With this in mind, he gladly switched lenders.

Nano says around 75 per cent of their refinancing demand is coming from traditional banks while 56 per cent of these refinancing applications alone came directly from major banks.

“It’s about the bank being transparent,” Mr Brooks added.

Michael Brooks felt like he was being punished for being a long-term customer.
Michael Brooks felt like he was being punished for being a long-term customer.

Even though the RBA hasn’t lifted the cash rate since November 2020, several banks have already jacked up their fixed rates in anticipation of the impending announcement.

Some have also slashed their variable rates to entice borrowers back into the fold.

For instance, the Commonwealth Bank raised its three-year fixed mortgage rate last month by 0.3 per cent to 3.79 per cent, which is now more than 1.5 per cent higher than the variable rate offering.

NAB and ANZ – Australia’s third and fourth largest banks – also hiked fixed interest rates on owner-occupier loans by up to 0.4 percentage points.

Interest on a one-year fixed rate for both ANZ and NAB is now 2.99 per cent, while five-year fixed rates are also identical at 4.49 per cent.

RateCity.com noted it was the seventh time NAB had hiked fixed rates in the last six months and the sixth time for ANZ in the same period.

As recently as September the big four banks offered three-year fixed rate home loans of between 1.98 per cent and 2.19 per cent.

Now those rates are between 3.59 per cent and 3.79 per cent.

He’s calculated that he’s saved himself $700 a month from his decision.
He’s calculated that he’s saved himself $700 a month from his decision.

While the RBA’s previous stance had been to hold interest rates until 2023, data showed that the cost of living had hit a 22-year high, rising to 5.1 per cent from the year to March.

This has left the RBA with little choice but to hike up rates multiple times this year.

Three major banks are predicting an interest rate rise will hit as early as next Tuesday.

ANZ, NAB and Westpac have both predicted a 0.15 per cent rise at the start of May.

It will be the first time the interest rates have risen in 11 years.

The Commonwealth Bank has also forecast a 0.15 per cent rise but for June, although there have been chilling warnings that interest rates could hit 2.5 per cent in total by the end of the year.

Andrew Walker, CEO and Founder of Nano, warned that Australians are “sitting on the edge of the cliff of the fixed rate roll over”.

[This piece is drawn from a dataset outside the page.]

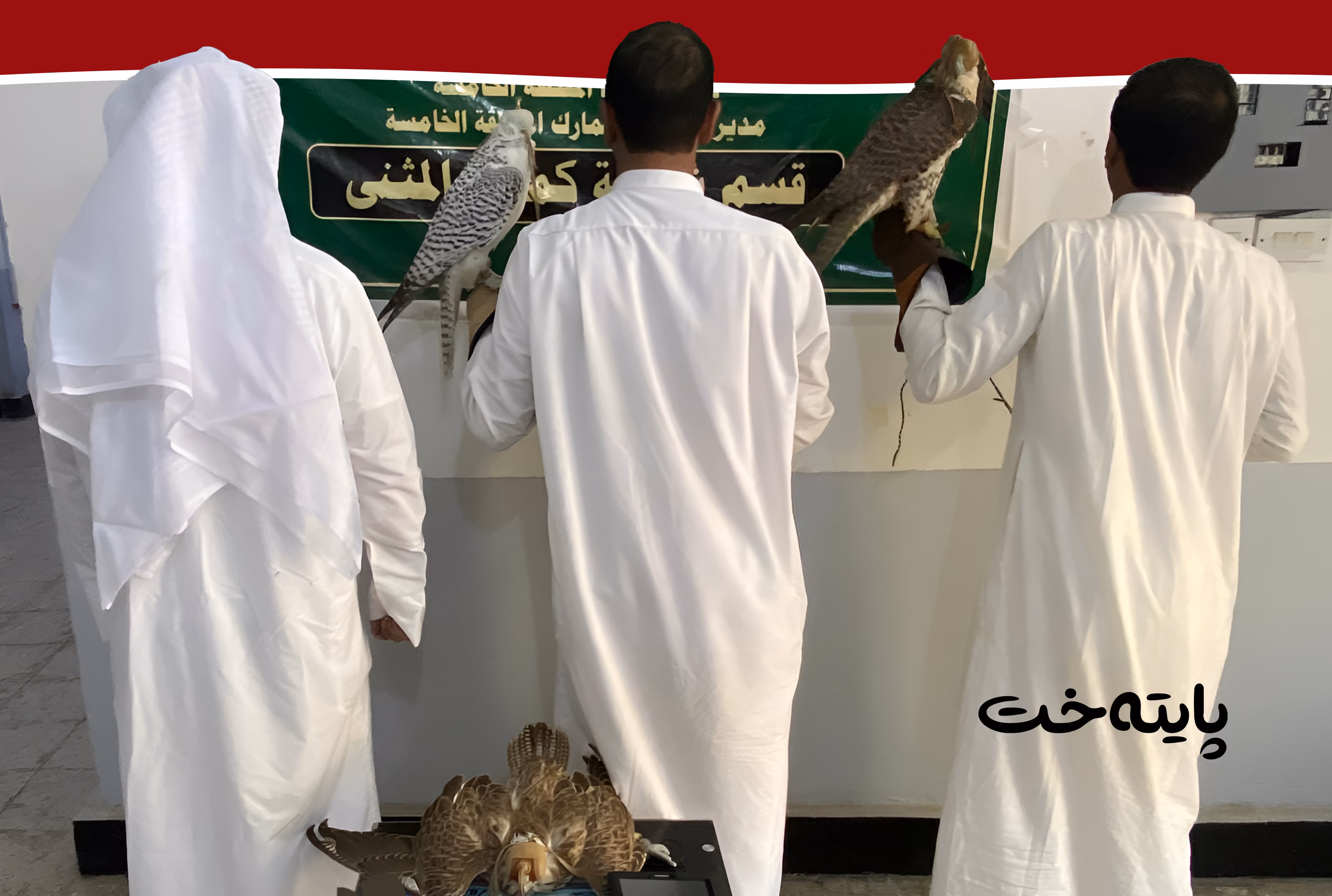 سێ ڕاوچی كوێتی به سێ ههڵۆوه دهستگیركران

“The Commonwealth Bank of Australia alone is expected to have a whopping $53 billion of fixed rate mortgages rolling over into variable rates in the second half of 2023,” he said.

“Assuming the other major banks mirror the same structure as the CBA, we could expect to see $400 billion in fixed rate mortgages rolling off into a variable interest rate in the next couple of years.”